DATES: June 16, 2016.

FOR FURTHER INFORMATION CONTACT: Heidi Taylor, NMFS, 562-980-4039.

SUPPLEMENTARY INFORMATION: NMFS received a letter from CBD, an 
environmental non-governmental organization, on April 9, 2014. In the 
letter, CBD asserted that PBF (Thunnus orientalis) are not adequately 
protected under the Fishery Management Plan for U.S. West Coast 
Fisheries for Highly Migratory Species (HMS FMP) and that the Pacific 
Council failed to meet its statutory duty to develop recommendations 
for domestic regulations in response to NMFS' determination that the 
PBF stock is overfished and subject to overfishing (78 FR 41033, July 
9, 2013). Specifically, CBD petitioned NMFS to amend the HMS FMP or 
initiate a rulemaking under the authority of the MSA, 16 U.S.C. 1801 et 
seq., to include PBF as a prohibited species until the stock is 
rebuilt, thereby placing a moratorium on retention of PBF by U.S. 
fishing vessels.

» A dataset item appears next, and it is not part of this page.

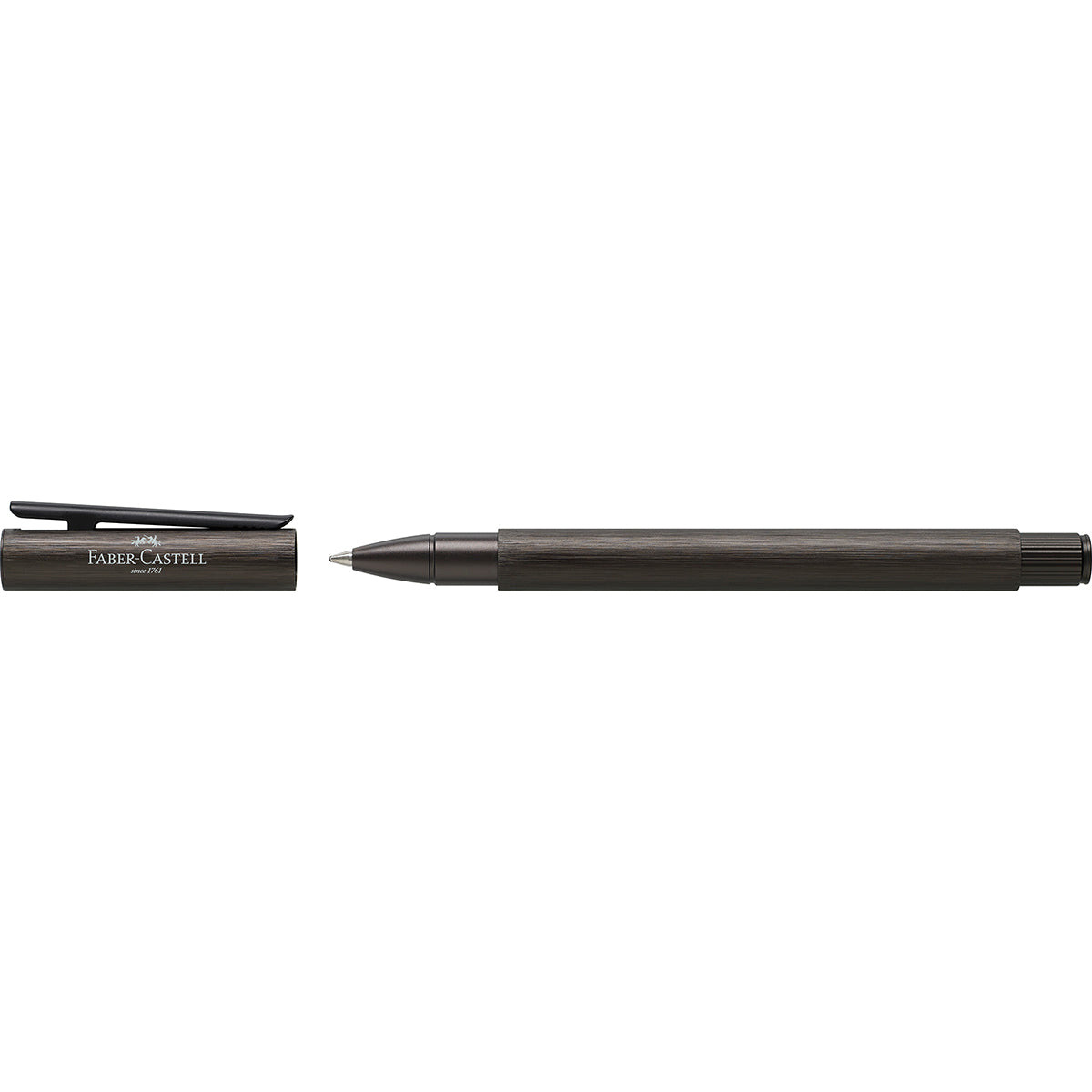 Faber-Castell, Tintenroller, Neo Slim, Gunmetal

As an alternative, CBD proposed that NMFS establish 
annual catch limits and a permanent minimum size requirement to protect 
PBF of age classes 1 and 2 and that NMFS amend the HMS FMP to establish 
specific reference points for PBF to guide science-based management of 
the stock. Outside of the scope of the petition for rulemaking, CBD 
requested that NMFS develop recommendations to the Secretary of State 
and Congress to end PBF overfishing at the international level.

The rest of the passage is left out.